Rose and her daughter Sofia arrive in a small Spanish fishing village – a strange, dreamlike place caught between the searing heat of the desert and the mesmerising pull of the sea. They are desperately seeking medical help and salvation. Rose suffers from a mysterious, inexplicable illness, which presents in spontaneous, spasmodic paralysis of her legs and has left her wheelchair bound. Her daughter, Sofia, has spent her life trying to understand her mother’s illness, trapped in an unhealthy co-dependent relationship and forced to act as her bemused carer. The mystery of this undiagnosed illness forms the background of the entire novel. Sofia explains, “I have been sleuthing my mother’s symptoms for as long as I can remember. If I see myself as an unwilling detective with a desire for justice, is her illness an unresolved crime? If so, who is the villain and who is the victim?”

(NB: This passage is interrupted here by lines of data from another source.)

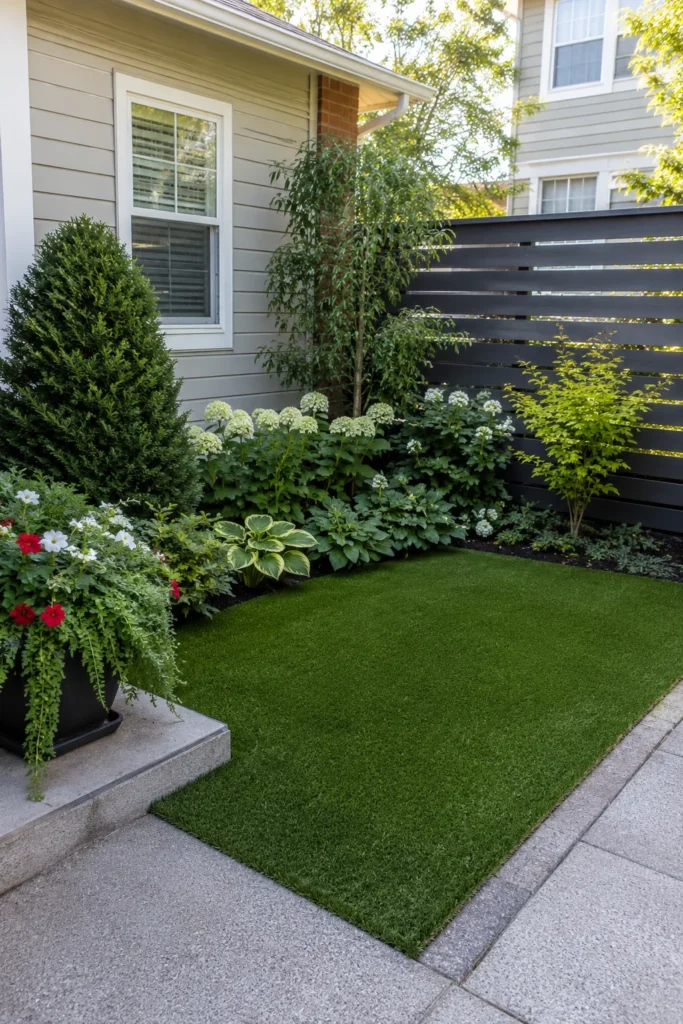 Artificial turf patch in a small front yard corner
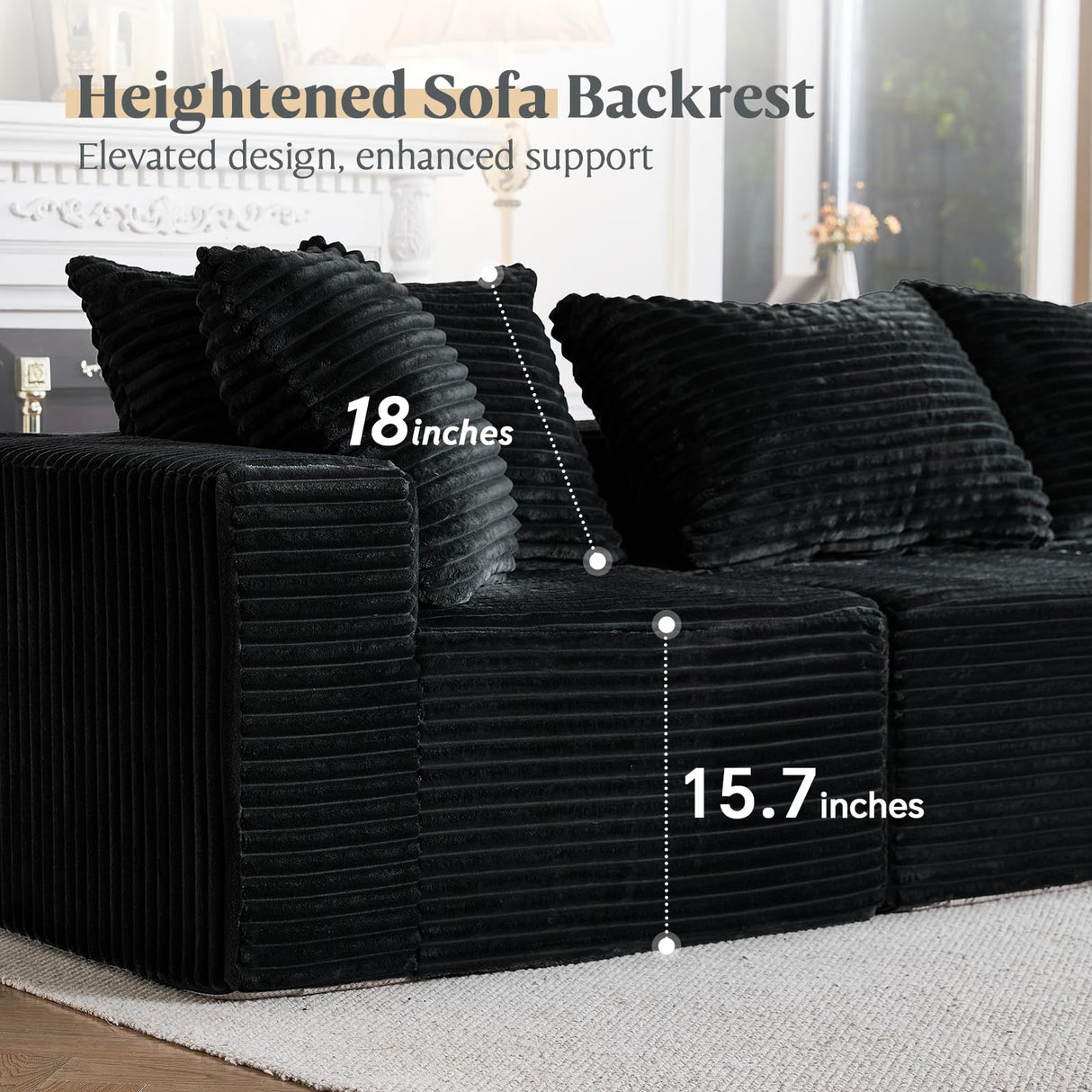 MODNEST 108" Modular Sectional Sofa Cloud Couch with Deep Seats, L Shape Foam Couch with Chaise and Movable Ottoman, Sectional Couches for Living Room, Comfy Boneless Sofa No Assembly, Black MODNEST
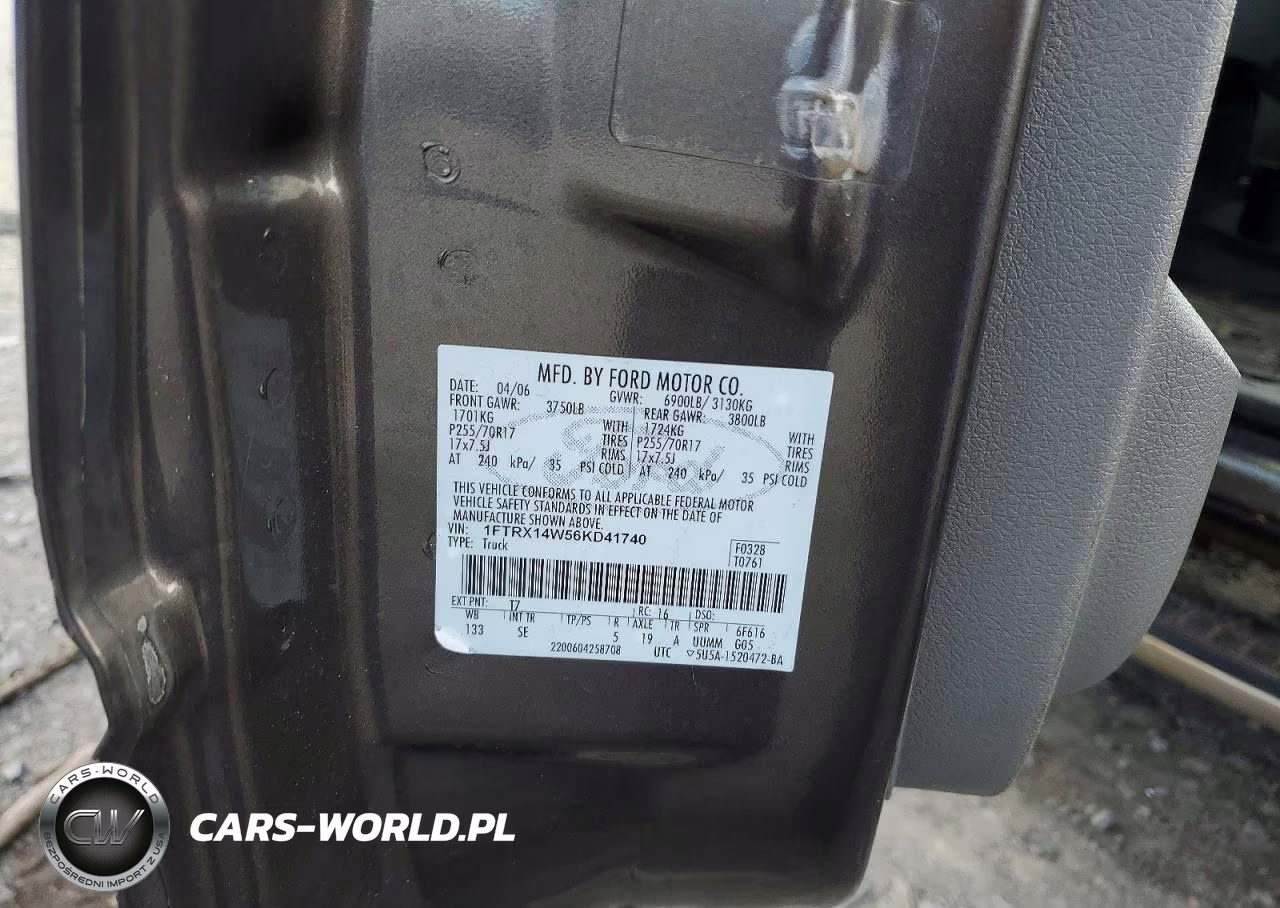 2006 Ford F150 VIN:1FTRX14W56KD41740 - 12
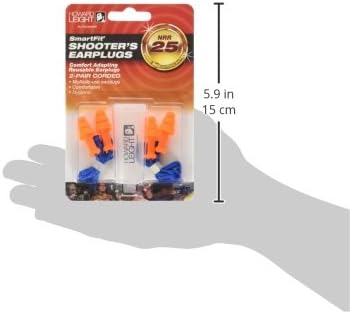 Howard Leight by Honeywell SmartFit Corded Reusable Shooting Earplugs, 2-Pairs (R-01520)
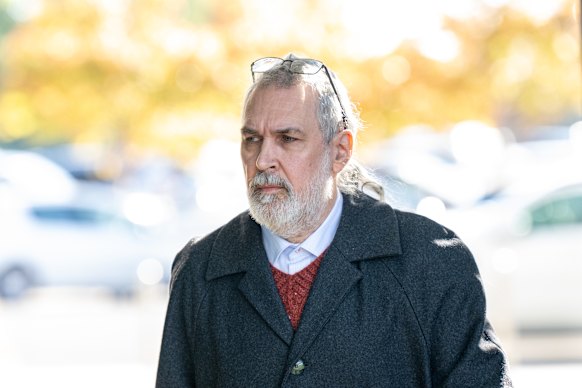 Mushroom expert Tom May arrives at court on Wednesday.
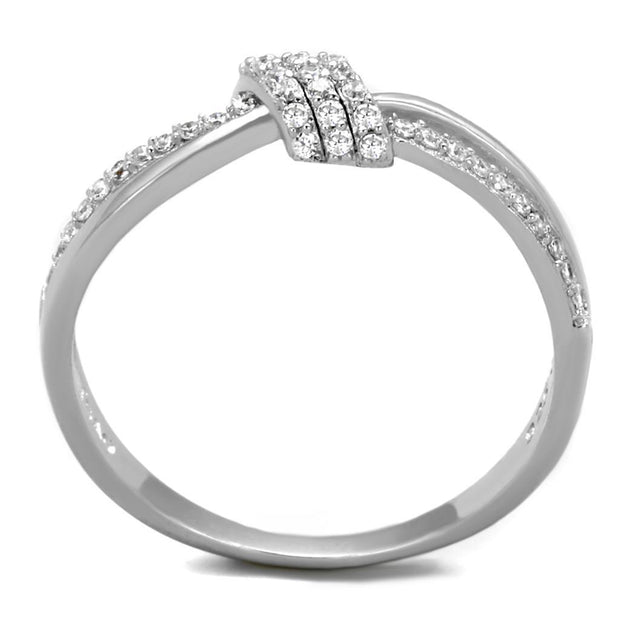 TS435 - Rhodium 925 Sterling Silver Ring with AAA Grade CZ  in Clear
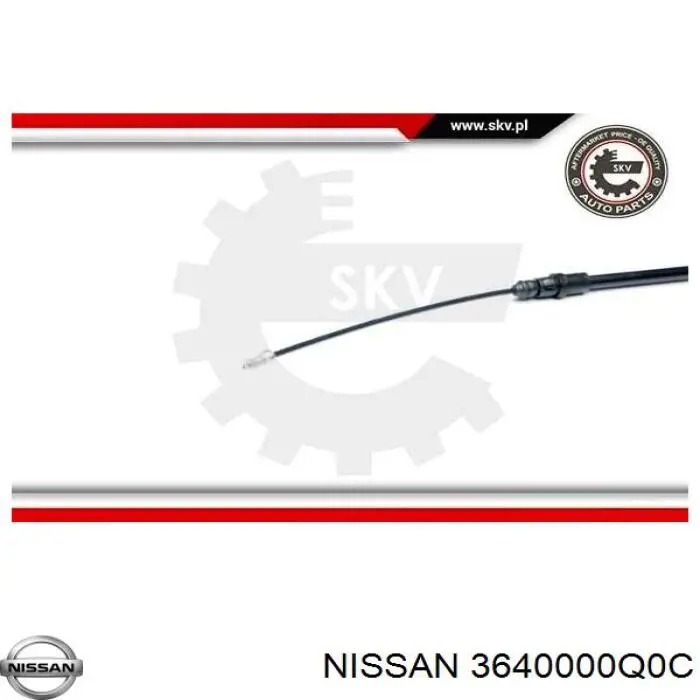 Cable de freno de mano trasero derecho/izquierdo 3640000Q0C Nissan/Infiniti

Surrounded by the oppressive summer heat and the eccentric figures that inhabit it, Sofia waits patiently while her mother undergoes a strange, unorthodox programme of treatment invented by the mysterious Dr Gomez. Sofia becomes seduced and almost bewitched by the dysfunctional people surrounding her and entangled in the games they play. Yet, as she explores her sexuality and pent-up rage, she begins to confront and reconcile the fragments of her life.
Sofia’s increasingly erratic, self-destructive behaviour – repeatedly swimming with jellyfish, embarking on a secret affair with a bizarre German woman – seems to bring increasing clarity to her familial relationships. Through such experimentation she finds answers to questions she didn’t realise she needed to ask. Sofia’s struggles and subsequent inner reconciliation with her mother and father are both convincing and moving.
Deborah Levy’s hypnotic novel explores the fragile bonds of parenthood and lays bare the suffocating intensity of familial bonds. For me, the success of the book lies in the strange, almost hallucinatory atmosphere Levy creates. Her use of the physical landscape and stifling weather to mirror Sofia’s inner journey works beautifully. The reader is left almost gasping for a break from the feverish tension that Levy creates and the surreal, dreamlike quality she gives to her prose made this unusual book stand out for me.
Hot Milk is published by Hamish Hamilton, 224 pages.